How do you pick a voice teacher?  After all of the logistics are worked through (location, budget, goals) how does one make that decision?  Should you just take the first qualified looking person you find?  Or should you go with the most expensive you can afford?  Perhaps someone with testimonials from performers you admire?

The truth is, most people have NO IDEA what questions to ask a prospective teacher, what type of credentials they should have, or how anyone even gets into the business of teaching singing in the first place.  Most wanting to take voice lessons will go to someone they’ve heard about through a friend or colleague, and this isn't necessarily a bad start.  However, something to keep in mind is that ANYONE can put out a shingle and charge you for their time.   There is no certification requirement or guarantee of training, like in the medical or legal world.  The risk any student takes is substantial, because a teacher is undoubtedly going to teach your something, and you’d better be sure it’s something you actually want to learn.   Poor habits are by far more difficult to break than no habits.  

On the other hand, there isn't a prescribed path for becoming a teacher of singing.  Academic credentials are no guarantee, though they can demonstrate a level of commitment.  Neither is the person with the slickest advertising necessarily the best choice.  I’ve met teachers with some degree of notoriety that had very little to offer, and incredibly gifted instructors that didn’t even have a website.  It is completely up to you, the consumer, to try and review the product you are buying.  It is always your right to ask for an explanation, but YOU have to be the one to ask!  Don't let intimidation by someone's resume or talent get the best of you!  Ask a prospective teacher to explain their process is, how they communicate effectively, and what their method is for creating healthy habits.  Even if you're new to singing, this should make a good amount of sense.  The job of the teacher, after all, is to bridge the gap between what you currently understand and what you don't quite yet grasp.   

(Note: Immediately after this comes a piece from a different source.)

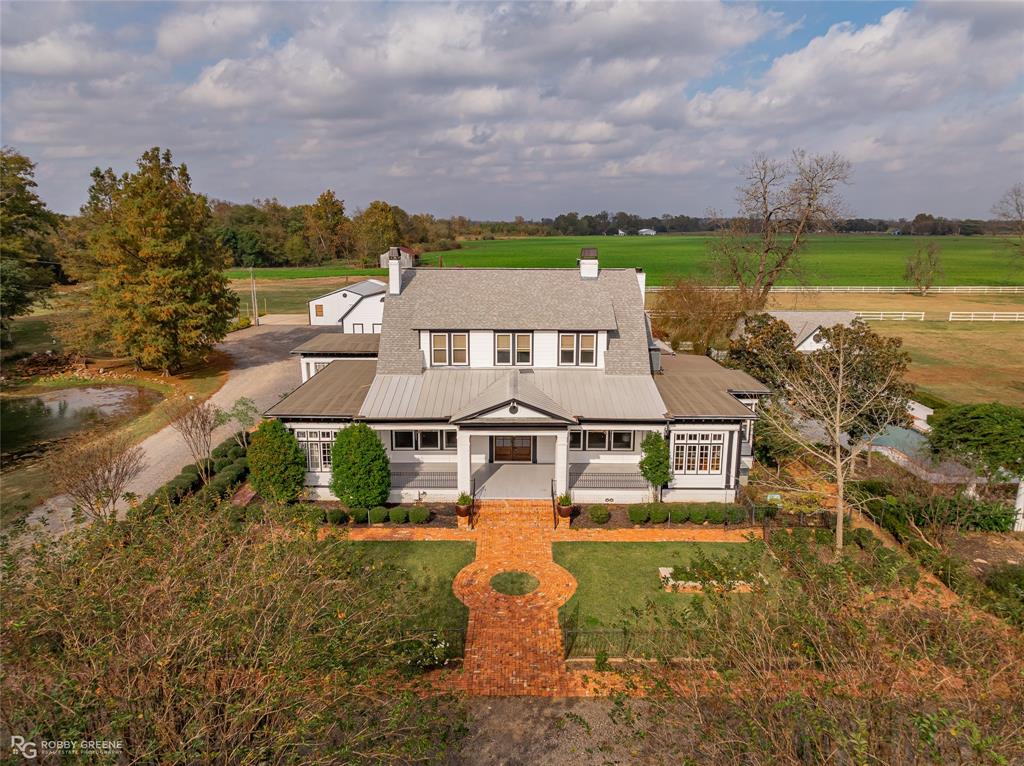 an aerial view of a house with a garden and lake view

One thing to watch out for is any teacher that doesn’t talk about anatomy or reference research from the field of voice science.  Most teachers won’t be an expert in these ares (though some certainly are) but in this day and age every singing teacher should have a basic understanding of the science behind vocal production.  Another red flag is anyone that promises amazing results in a very short amount of time.  Singing is a complex skill that requires intricate coordination and physical strength, and like anything worthwhile in life is not mastered quickly.  Additionally, a good teacher should be able clarify the purpose behind any exercises or concept that is  introduced (which is not to say that you will immediately fully understand every new idea - but you should have an idea of where you are going).   Also, be careful of automatically judging someone favorably strictly based on their credentials.  There are many routes to becoming an accomplished teacher, some less traditional than others.  Teaching itself is a rather elusive skill, and a long list of professional qualifications isn't always indicative of a gifted communicator and instructor.  In the end, a person's work will usually speak for itself.   Beware, however, of assuming that talented students always mean the teacher is of high quality.   Any teacher can take credit for the inherent gifts of a performer.  Instead, look for consistent improvement among students with varying levels of talent.  A good teaching method, properly applied and practiced, will improve individuals across all levels, not just among the most talented.          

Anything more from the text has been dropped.